→ Task requirements: Write down exactly the lines from the one below that has "modern 39cm led" to the end of the data, both ends included; the pictures should not appear in your copy.

----- Dataset extract

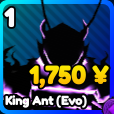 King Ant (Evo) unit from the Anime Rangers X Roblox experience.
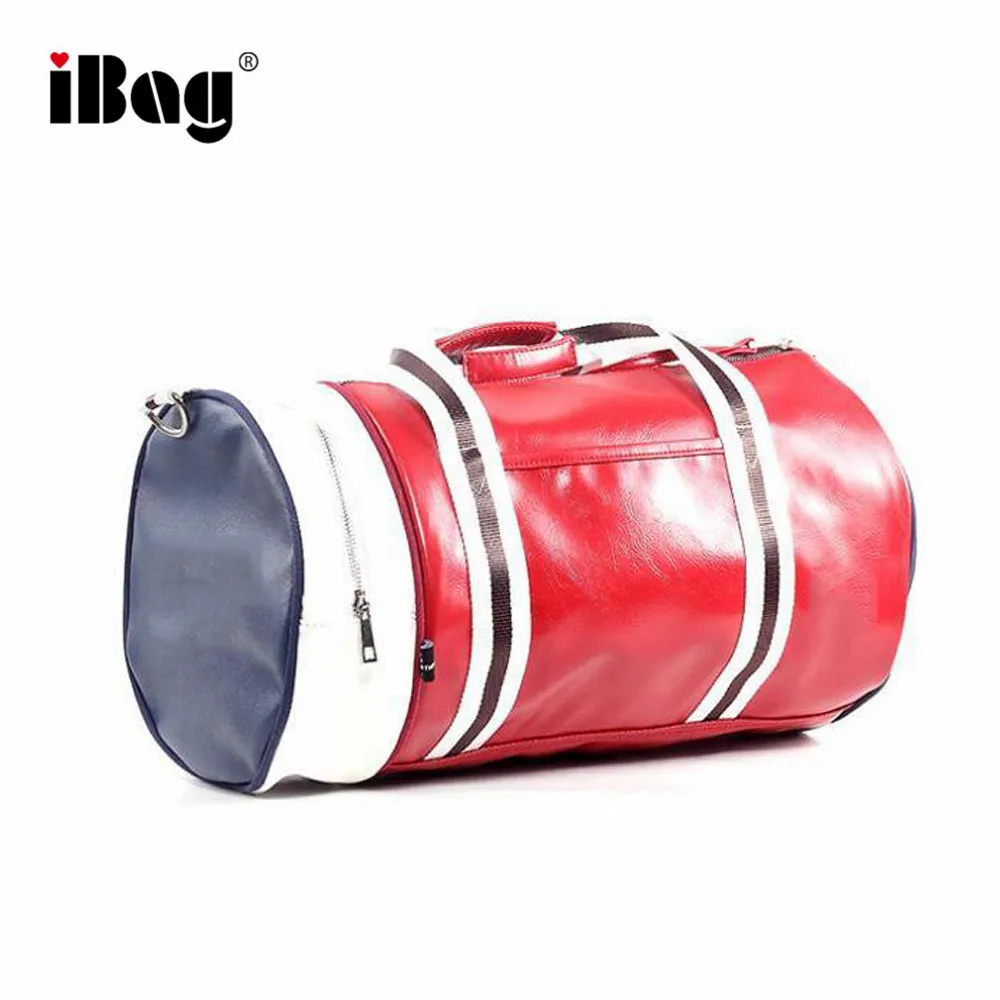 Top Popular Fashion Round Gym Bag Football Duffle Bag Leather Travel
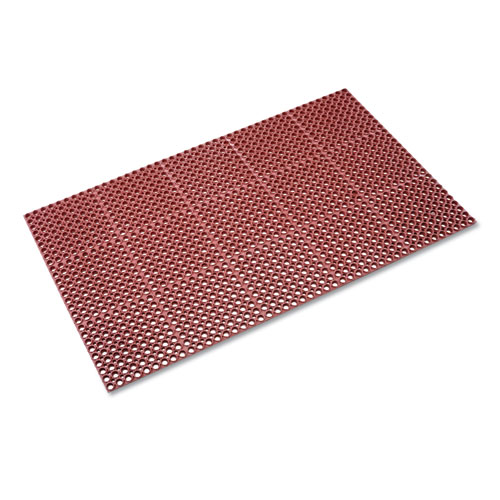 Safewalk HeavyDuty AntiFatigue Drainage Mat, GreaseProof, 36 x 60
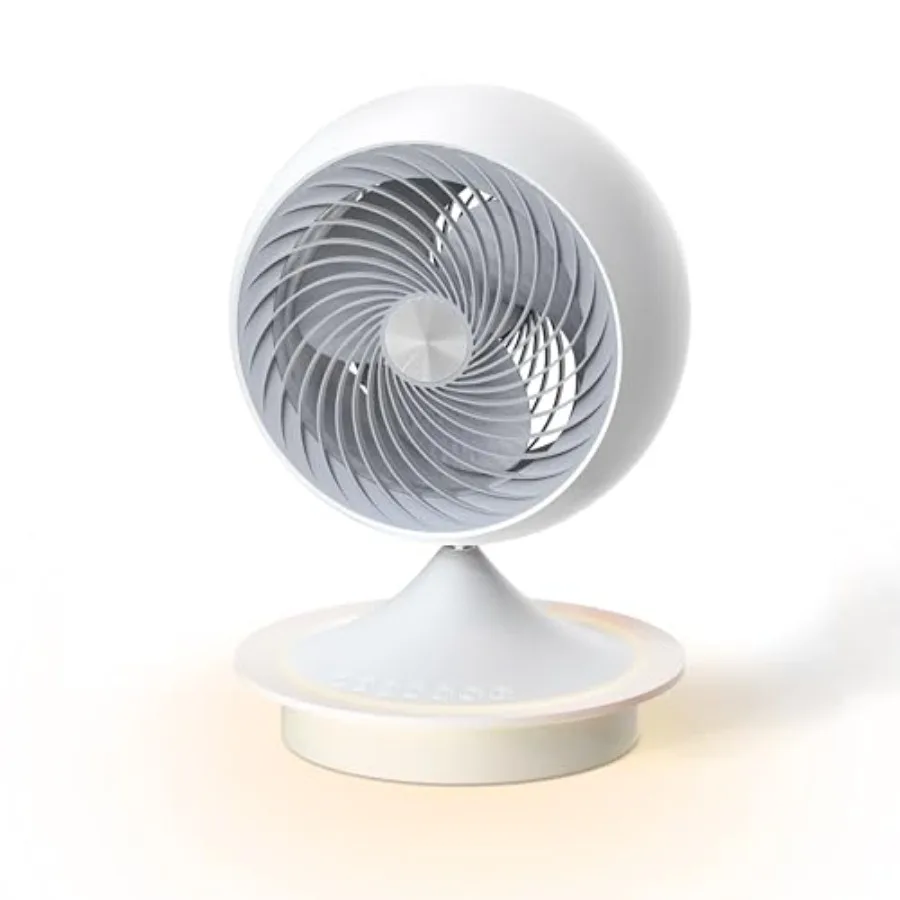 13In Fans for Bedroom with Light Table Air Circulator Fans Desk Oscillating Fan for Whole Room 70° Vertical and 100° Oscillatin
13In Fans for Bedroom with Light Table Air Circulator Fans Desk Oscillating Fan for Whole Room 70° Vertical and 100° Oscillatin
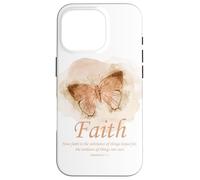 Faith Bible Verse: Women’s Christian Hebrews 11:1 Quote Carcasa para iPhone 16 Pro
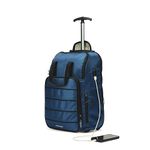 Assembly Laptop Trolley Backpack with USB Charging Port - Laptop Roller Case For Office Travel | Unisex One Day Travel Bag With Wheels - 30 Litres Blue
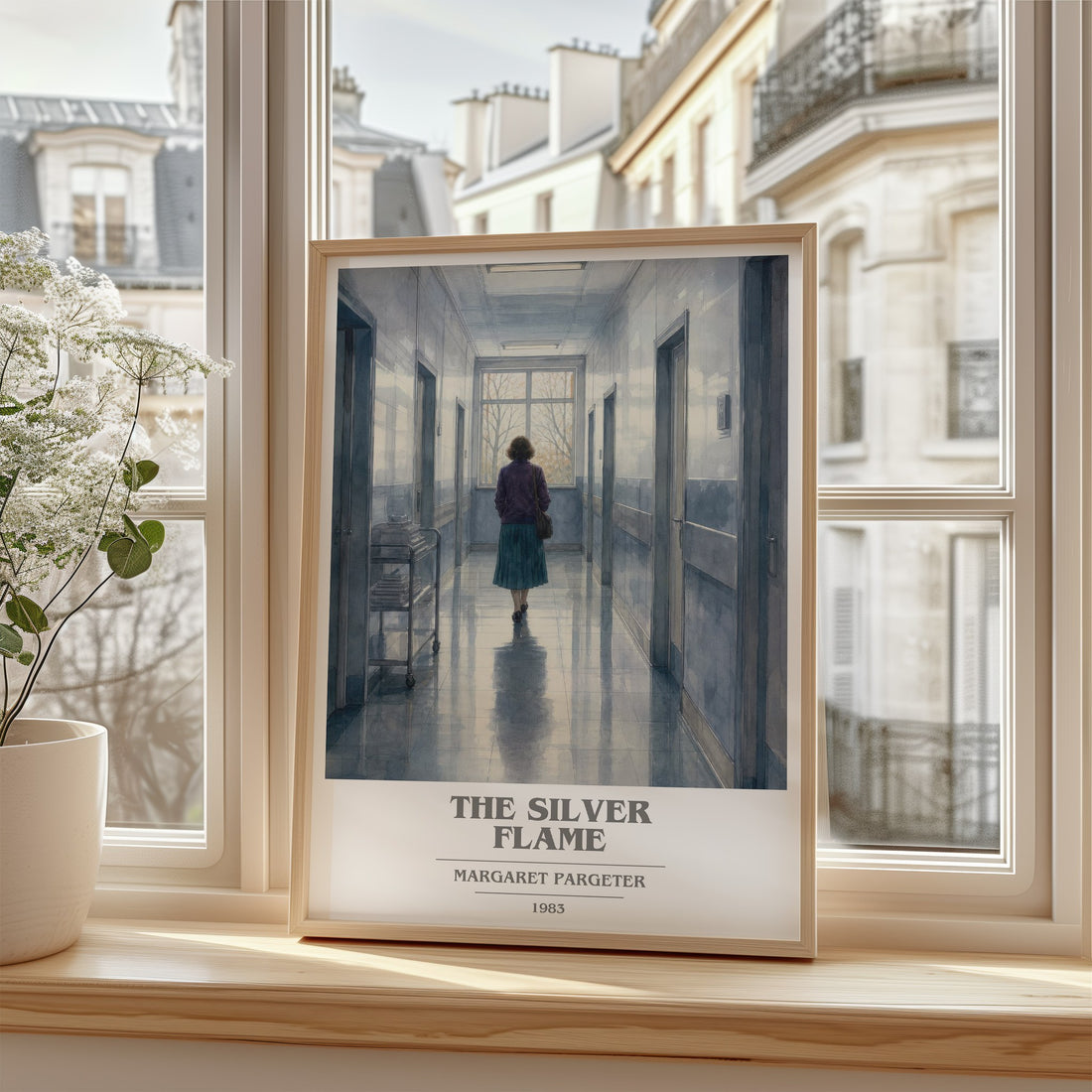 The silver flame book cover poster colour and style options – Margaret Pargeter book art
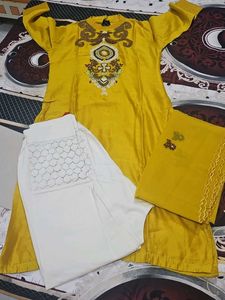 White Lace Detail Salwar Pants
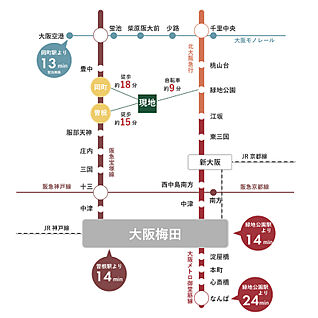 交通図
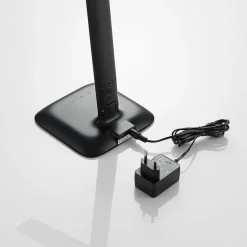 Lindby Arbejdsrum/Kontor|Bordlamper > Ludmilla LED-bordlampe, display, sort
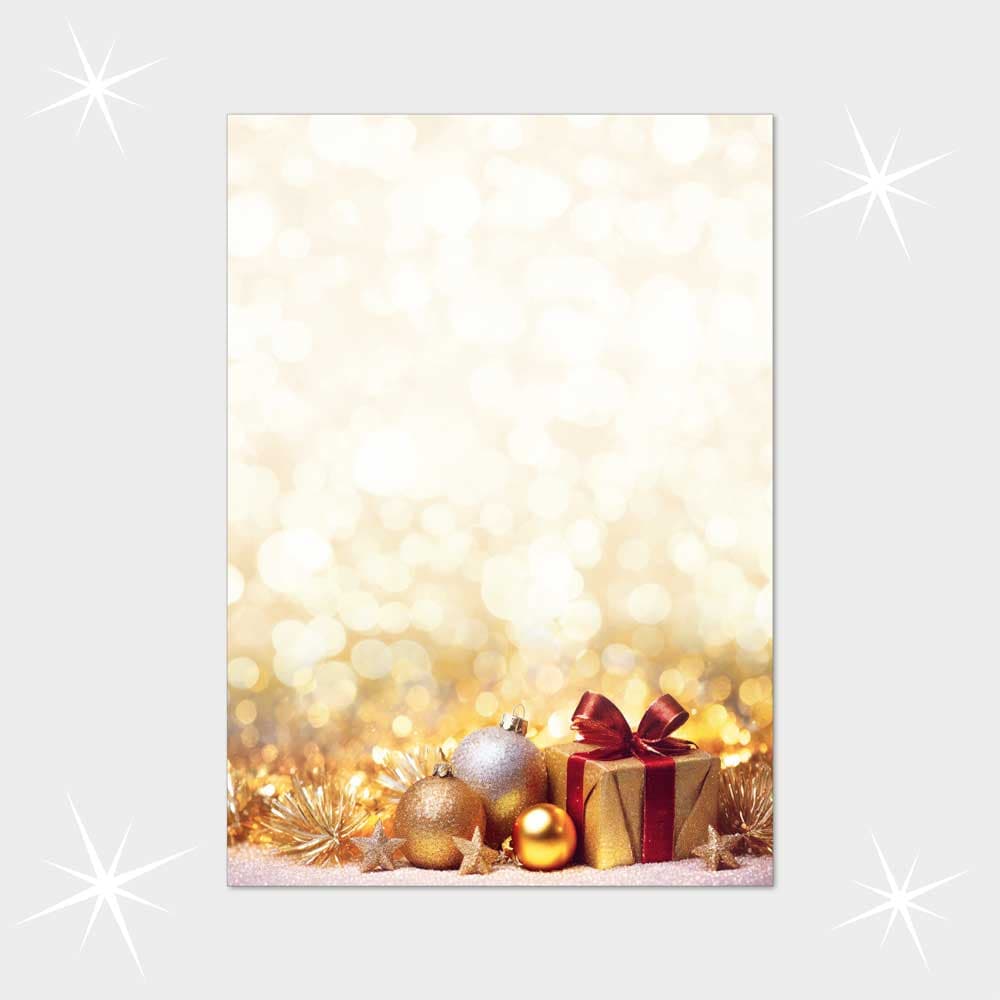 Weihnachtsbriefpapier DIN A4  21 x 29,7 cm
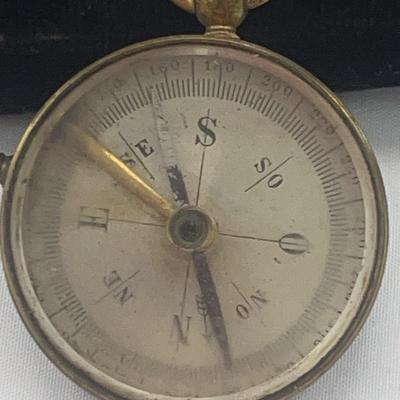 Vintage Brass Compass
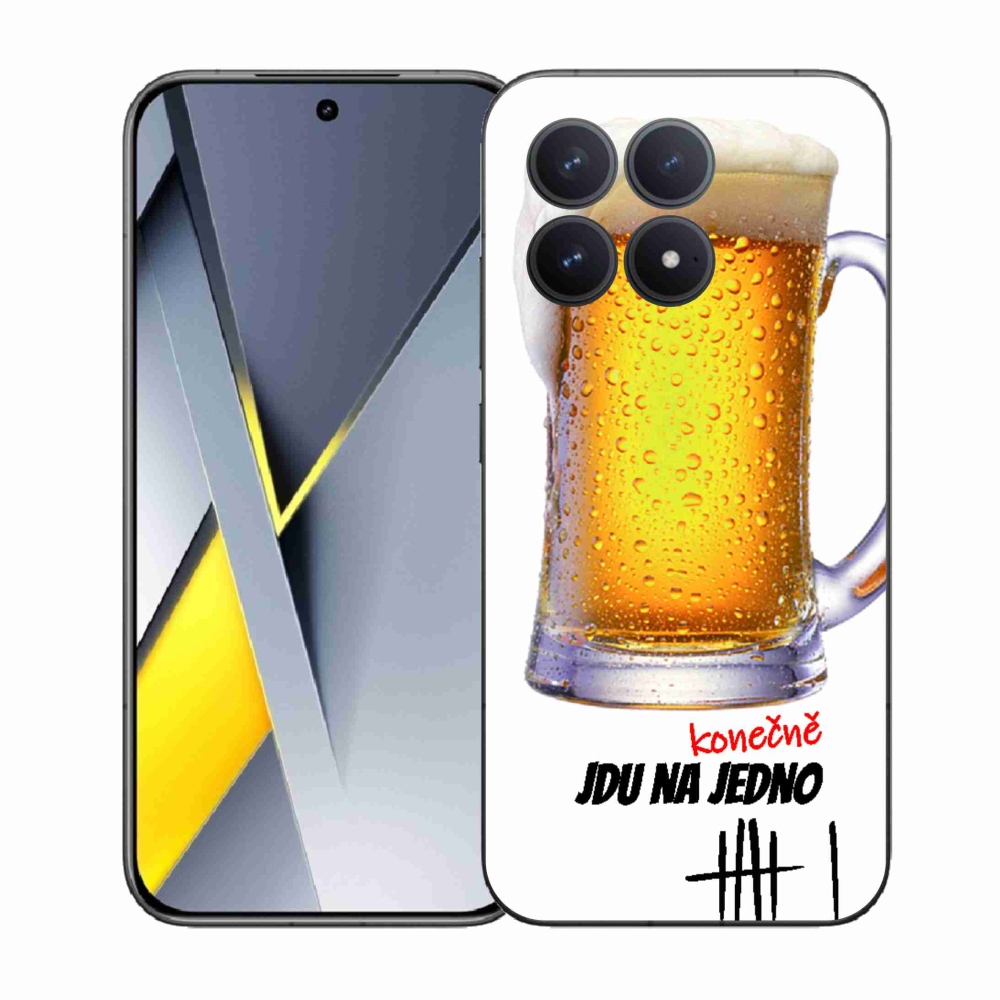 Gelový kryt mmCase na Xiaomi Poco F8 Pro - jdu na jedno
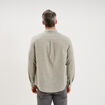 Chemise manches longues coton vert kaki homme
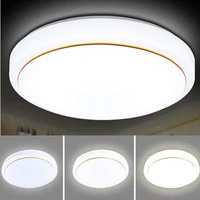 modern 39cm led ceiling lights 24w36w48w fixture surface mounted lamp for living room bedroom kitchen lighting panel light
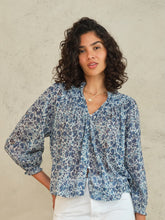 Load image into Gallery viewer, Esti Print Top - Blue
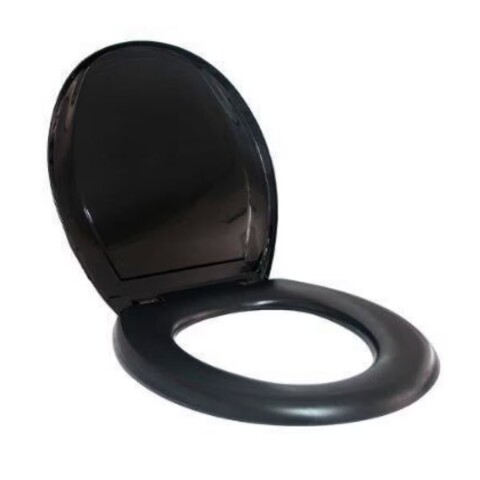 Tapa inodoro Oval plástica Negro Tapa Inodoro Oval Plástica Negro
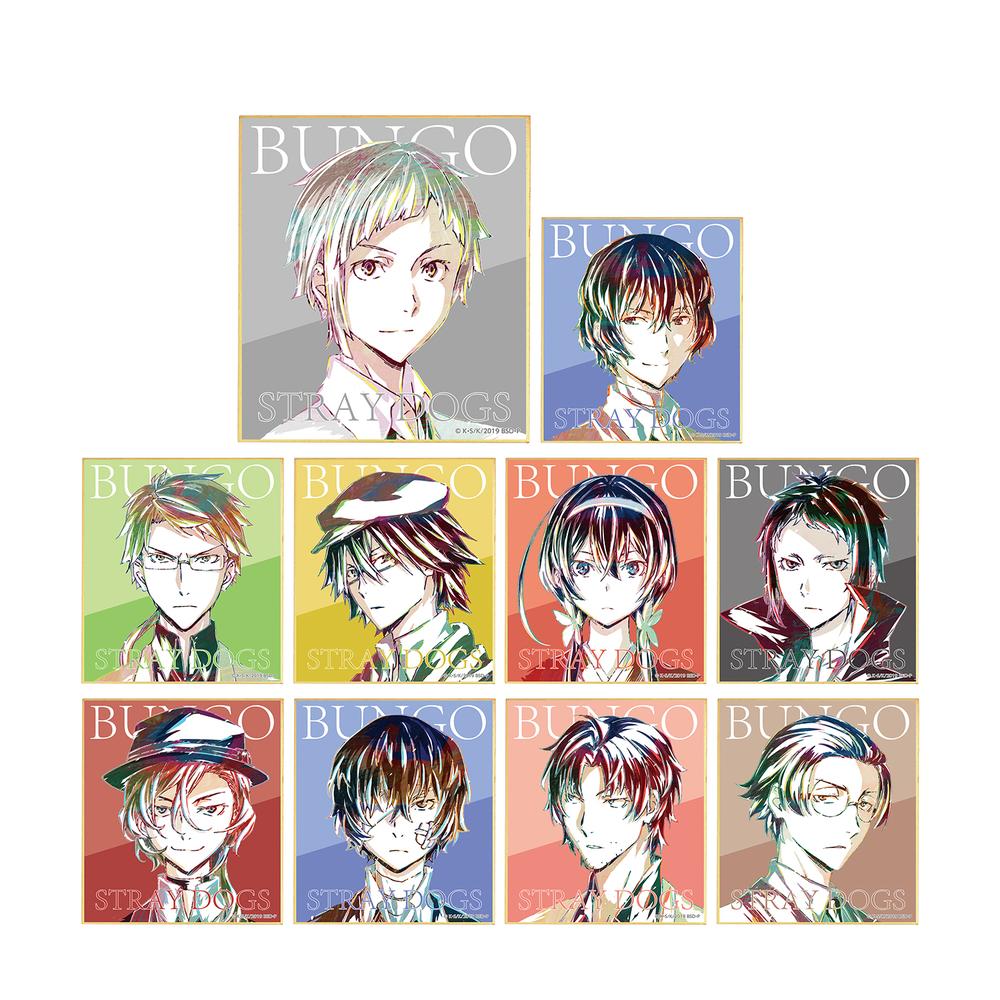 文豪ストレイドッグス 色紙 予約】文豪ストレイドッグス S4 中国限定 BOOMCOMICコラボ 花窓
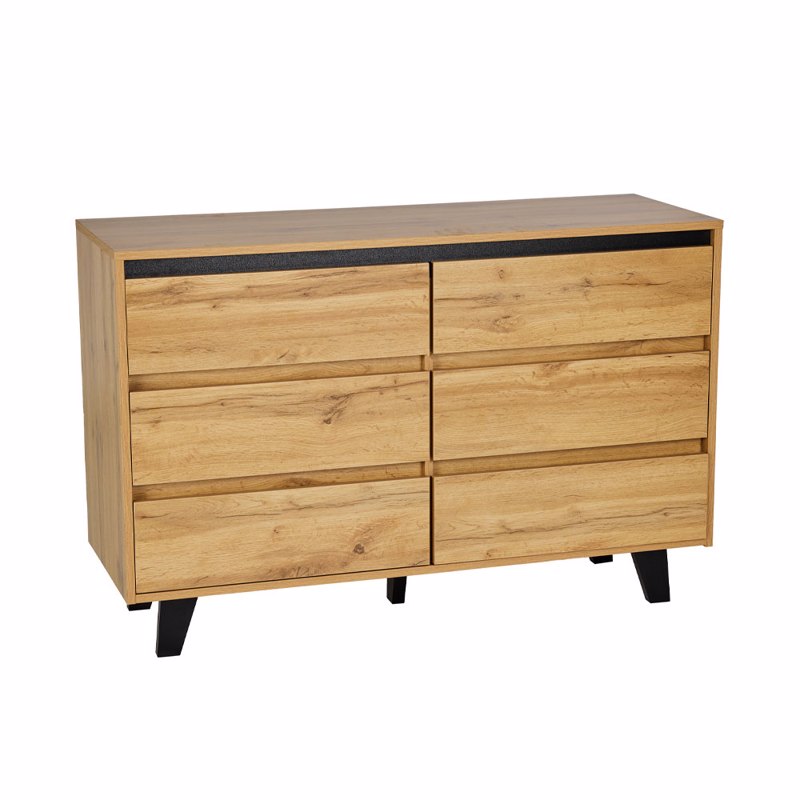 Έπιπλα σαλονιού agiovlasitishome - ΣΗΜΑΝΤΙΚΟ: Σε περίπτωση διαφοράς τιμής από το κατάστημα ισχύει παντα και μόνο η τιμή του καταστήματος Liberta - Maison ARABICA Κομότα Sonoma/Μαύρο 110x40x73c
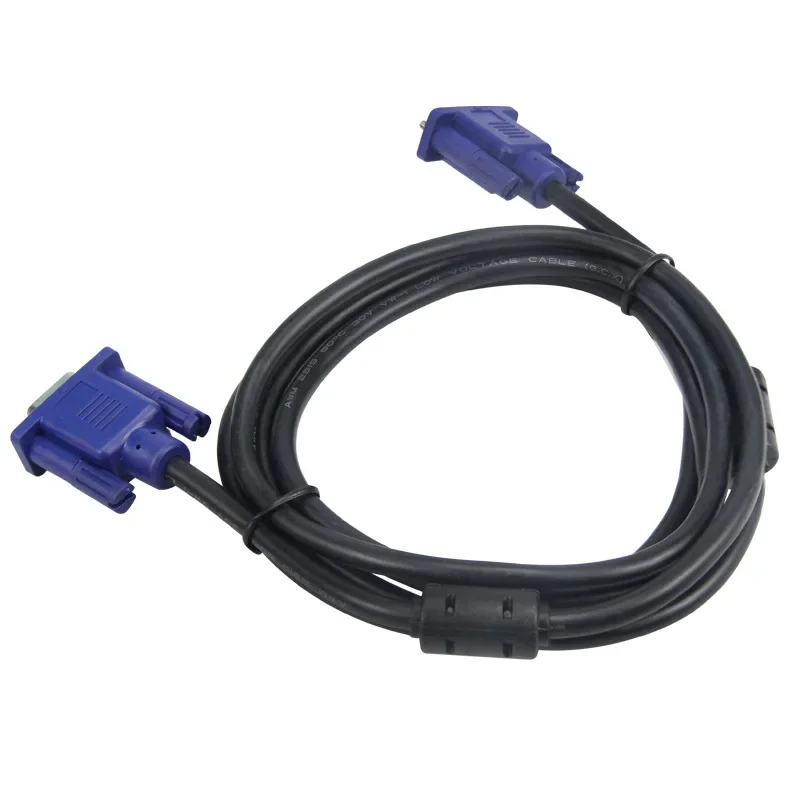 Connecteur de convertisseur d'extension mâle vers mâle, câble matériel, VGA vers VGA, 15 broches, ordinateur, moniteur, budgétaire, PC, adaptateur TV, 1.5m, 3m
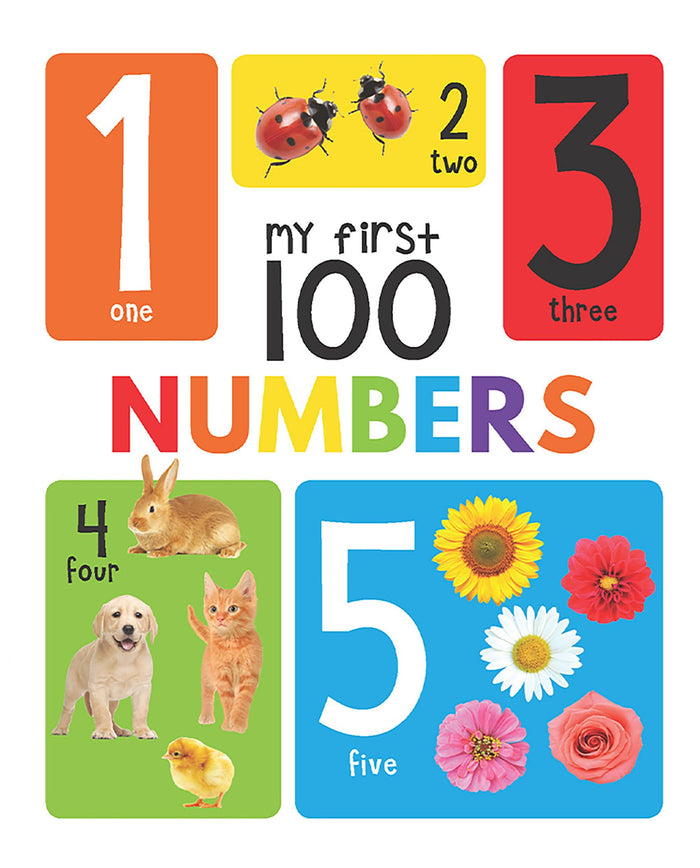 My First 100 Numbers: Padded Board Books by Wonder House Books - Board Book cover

----------

→ Response to this task:
 modern 39cm led ceiling lights 24w36w48w fixture surface mounted lamp for living room bedroom kitchen lighting panel light
 Load image into Gallery viewer, Esti Print Top - Blue
 Tapa inodoro Oval plástica Negro Tapa Inodoro Oval Plástica Negro
 文豪ストレイドッグス 色紙 予約】文豪ストレイドッグス S4 中国限定 BOOMCOMICコラボ 花窓
 Έπιπλα σαλονιού agiovlasitishome - ΣΗΜΑΝΤΙΚΟ: Σε περίπτωση διαφοράς τιμής από το κατάστημα ισχύει παντα και μόνο η τιμή του καταστήματος Liberta - Maison ARABICA Κομότα Sonoma/Μαύρο 110x40x73c
 Connecteur de convertisseur d'extension mâle vers mâle, câble matériel, VGA vers VGA, 15 broches, ordinateur, moniteur, budgétaire, PC, adaptateur TV, 1.5m, 3m
 My First 100 Numbers: Padded Board Books by Wonder House Books - Board Book cover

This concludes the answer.